Network Monitoring Technology Behind the Smooth Experience During Double 11

By Tang Tang, a member of the Network R&D Department of Alibaba and the Former Postgraduate Tutor of BUPT. Tang Tang is currently involved in the R&D of network stability and has several patents related to networks and algorithms.

Released by Hologres

Background

During the 2020 Double 11 Global Shopping Festival, Alibaba’s cloud-native real-time data warehouse was first implemented in core data scenarios in real-time for the first time. This data warehouse is built based on Hologres and Realtime Compute for Apache Flink, and has set a new record for the big data platform. This article focuses on Hologres' best practice of successfully replacing Apache Druid in the Alibaba Network Monitoring Department. Hologres also supported the real-time network monitoring screen with milliseconds response time during Double 11.

Real-time Fault Discovery

At 00:00:00 on November 11, 2020, consumers entered their shopping carts, clicked the payment button, and paid for their orders. After one minute, there was an Alipay notification for the amount spent.

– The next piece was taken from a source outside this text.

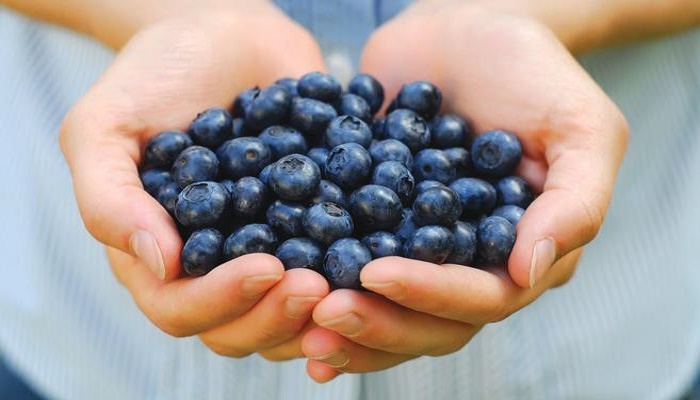 8 أطعمة لتعزيز المناعة في الشتاء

Hundreds of millions of people participated in the 2020 Double 11 Global Shopping Festival simultaneously with a record peak of 580,000 transactions per second. Buyers’ shopping experiences were as smooth as silk during the entire transaction process, but this could not be achieved without Alibaba's network capabilities. With the development of technologies and the increasing prosperity of the cloud and e-commerce businesses in recent years, network infrastructures have become increasingly large and complex. How can we ensure the stability of this expanded network and provide a smooth shopping experience for users on the cloud? It is a huge challenge for network system builders and operators.

Faults are inevitable, but the ultimate goal is to locate and fix faults quickly and prevent them if possible.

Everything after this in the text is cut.